> [Description of the task]: Below are the records; output them exactly from the first line through the line with "Bärbar led selfie", stopping there.

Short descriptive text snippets
*-*-*

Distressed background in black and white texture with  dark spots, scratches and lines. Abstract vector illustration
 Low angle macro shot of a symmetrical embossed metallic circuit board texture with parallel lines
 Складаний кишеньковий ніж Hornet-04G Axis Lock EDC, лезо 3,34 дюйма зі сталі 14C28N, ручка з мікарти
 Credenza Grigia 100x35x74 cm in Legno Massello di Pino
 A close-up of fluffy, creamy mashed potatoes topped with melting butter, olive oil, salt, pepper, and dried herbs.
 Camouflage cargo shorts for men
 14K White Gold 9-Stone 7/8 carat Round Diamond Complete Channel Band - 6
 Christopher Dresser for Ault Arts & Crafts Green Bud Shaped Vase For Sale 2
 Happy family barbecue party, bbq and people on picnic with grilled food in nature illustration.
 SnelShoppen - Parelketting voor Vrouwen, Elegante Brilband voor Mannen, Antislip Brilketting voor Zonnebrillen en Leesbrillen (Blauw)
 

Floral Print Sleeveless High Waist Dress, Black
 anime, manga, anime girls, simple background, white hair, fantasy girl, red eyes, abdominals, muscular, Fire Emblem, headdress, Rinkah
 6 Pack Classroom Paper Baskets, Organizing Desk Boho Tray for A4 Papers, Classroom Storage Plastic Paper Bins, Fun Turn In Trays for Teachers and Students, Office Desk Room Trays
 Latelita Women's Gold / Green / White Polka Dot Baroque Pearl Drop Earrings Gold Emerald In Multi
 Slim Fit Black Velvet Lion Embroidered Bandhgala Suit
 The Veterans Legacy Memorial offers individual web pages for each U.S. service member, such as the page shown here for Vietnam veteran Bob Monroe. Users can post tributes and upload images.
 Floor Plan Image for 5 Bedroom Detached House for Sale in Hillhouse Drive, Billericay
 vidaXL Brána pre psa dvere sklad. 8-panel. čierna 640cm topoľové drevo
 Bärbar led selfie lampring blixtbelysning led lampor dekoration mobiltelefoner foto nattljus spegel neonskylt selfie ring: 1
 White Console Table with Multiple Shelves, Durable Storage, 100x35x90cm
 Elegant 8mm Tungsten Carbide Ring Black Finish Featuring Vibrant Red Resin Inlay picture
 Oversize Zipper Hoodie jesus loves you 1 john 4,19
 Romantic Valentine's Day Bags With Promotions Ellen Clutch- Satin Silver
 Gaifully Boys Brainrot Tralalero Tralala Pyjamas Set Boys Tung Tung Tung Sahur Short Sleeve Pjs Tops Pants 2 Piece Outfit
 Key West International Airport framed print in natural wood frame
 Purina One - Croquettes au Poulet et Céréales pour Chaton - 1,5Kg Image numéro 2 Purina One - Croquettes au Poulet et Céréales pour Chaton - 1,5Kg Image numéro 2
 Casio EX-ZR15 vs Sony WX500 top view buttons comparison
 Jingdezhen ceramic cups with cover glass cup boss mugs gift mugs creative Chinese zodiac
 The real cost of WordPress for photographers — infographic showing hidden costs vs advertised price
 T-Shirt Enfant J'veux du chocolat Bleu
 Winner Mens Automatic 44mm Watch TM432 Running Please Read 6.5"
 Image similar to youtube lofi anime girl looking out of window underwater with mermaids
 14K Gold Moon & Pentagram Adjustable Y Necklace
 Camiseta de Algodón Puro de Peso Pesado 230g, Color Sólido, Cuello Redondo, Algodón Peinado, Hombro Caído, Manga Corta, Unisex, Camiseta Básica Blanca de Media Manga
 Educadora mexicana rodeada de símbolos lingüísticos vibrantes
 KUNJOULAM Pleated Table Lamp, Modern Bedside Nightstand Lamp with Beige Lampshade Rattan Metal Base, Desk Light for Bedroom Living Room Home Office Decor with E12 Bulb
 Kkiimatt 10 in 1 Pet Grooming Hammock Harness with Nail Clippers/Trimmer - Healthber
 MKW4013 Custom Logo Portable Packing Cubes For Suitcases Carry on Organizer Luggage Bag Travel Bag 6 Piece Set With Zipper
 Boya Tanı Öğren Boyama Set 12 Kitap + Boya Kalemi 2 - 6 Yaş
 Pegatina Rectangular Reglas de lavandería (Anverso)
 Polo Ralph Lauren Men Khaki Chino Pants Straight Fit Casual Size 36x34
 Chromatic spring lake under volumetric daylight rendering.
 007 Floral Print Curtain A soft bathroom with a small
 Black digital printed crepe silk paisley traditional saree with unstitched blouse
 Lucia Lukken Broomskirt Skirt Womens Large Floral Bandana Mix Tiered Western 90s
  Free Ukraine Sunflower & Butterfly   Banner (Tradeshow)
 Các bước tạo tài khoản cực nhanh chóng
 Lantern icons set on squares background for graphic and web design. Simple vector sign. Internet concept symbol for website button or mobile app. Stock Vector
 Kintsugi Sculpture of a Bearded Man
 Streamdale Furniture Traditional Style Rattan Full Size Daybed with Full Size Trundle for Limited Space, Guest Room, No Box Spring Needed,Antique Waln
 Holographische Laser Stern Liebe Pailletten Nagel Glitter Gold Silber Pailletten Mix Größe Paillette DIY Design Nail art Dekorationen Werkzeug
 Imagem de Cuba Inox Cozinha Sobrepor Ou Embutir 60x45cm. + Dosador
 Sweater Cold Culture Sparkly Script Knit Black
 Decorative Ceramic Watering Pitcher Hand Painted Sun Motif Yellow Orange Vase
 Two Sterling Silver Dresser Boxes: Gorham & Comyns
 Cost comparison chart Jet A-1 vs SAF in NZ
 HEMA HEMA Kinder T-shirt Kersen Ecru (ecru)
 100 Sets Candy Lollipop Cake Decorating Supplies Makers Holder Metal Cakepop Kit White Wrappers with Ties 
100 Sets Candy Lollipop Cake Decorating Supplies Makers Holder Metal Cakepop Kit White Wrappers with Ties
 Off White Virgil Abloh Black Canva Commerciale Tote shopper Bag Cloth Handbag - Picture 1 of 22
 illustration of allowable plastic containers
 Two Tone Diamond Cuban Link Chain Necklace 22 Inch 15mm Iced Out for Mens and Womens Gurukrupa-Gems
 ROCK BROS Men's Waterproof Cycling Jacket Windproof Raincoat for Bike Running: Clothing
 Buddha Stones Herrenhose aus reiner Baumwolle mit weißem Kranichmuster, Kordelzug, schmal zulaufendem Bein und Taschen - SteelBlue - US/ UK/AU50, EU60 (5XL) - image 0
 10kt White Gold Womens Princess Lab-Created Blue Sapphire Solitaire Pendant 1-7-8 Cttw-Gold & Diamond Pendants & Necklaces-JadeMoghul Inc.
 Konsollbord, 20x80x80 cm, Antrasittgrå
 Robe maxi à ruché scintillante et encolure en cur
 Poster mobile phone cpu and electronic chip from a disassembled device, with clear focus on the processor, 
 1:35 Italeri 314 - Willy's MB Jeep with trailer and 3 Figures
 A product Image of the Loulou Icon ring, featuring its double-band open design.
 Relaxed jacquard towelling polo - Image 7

*-*-*

> [Output of the task]:
Distressed background in black and white texture with  dark spots, scratches and lines. Abstract vector illustration
 Low angle macro shot of a symmetrical embossed metallic circuit board texture with parallel lines
 Складаний кишеньковий ніж Hornet-04G Axis Lock EDC, лезо 3,34 дюйма зі сталі 14C28N, ручка з мікарти
 Credenza Grigia 100x35x74 cm in Legno Massello di Pino
 A close-up of fluffy, creamy mashed potatoes topped with melting butter, olive oil, salt, pepper, and dried herbs.
 Camouflage cargo shorts for men
 14K White Gold 9-Stone 7/8 carat Round Diamond Complete Channel Band - 6
 Christopher Dresser for Ault Arts & Crafts Green Bud Shaped Vase For Sale 2
 Happy family barbecue party, bbq and people on picnic with grilled food in nature illustration.
 SnelShoppen - Parelketting voor Vrouwen, Elegante Brilband voor Mannen, Antislip Brilketting voor Zonnebrillen en Leesbrillen (Blauw)
 

Floral Print Sleeveless High Waist Dress, Black
 anime, manga, anime girls, simple background, white hair, fantasy girl, red eyes, abdominals, muscular, Fire Emblem, headdress, Rinkah
 6 Pack Classroom Paper Baskets, Organizing Desk Boho Tray for A4 Papers, Classroom Storage Plastic Paper Bins, Fun Turn In Trays for Teachers and Students, Office Desk Room Trays
 Latelita Women's Gold / Green / White Polka Dot Baroque Pearl Drop Earrings Gold Emerald In Multi
 Slim Fit Black Velvet Lion Embroidered Bandhgala Suit
 The Veterans Legacy Memorial offers individual web pages for each U.S. service member, such as the page shown here for Vietnam veteran Bob Monroe. Users can post tributes and upload images.
 Floor Plan Image for 5 Bedroom Detached House for Sale in Hillhouse Drive, Billericay
 vidaXL Brána pre psa dvere sklad. 8-panel. čierna 640cm topoľové drevo
 Bärbar led selfie lampring blixtbelysning led lampor dekoration mobiltelefoner foto nattljus spegel neonskylt selfie ring: 1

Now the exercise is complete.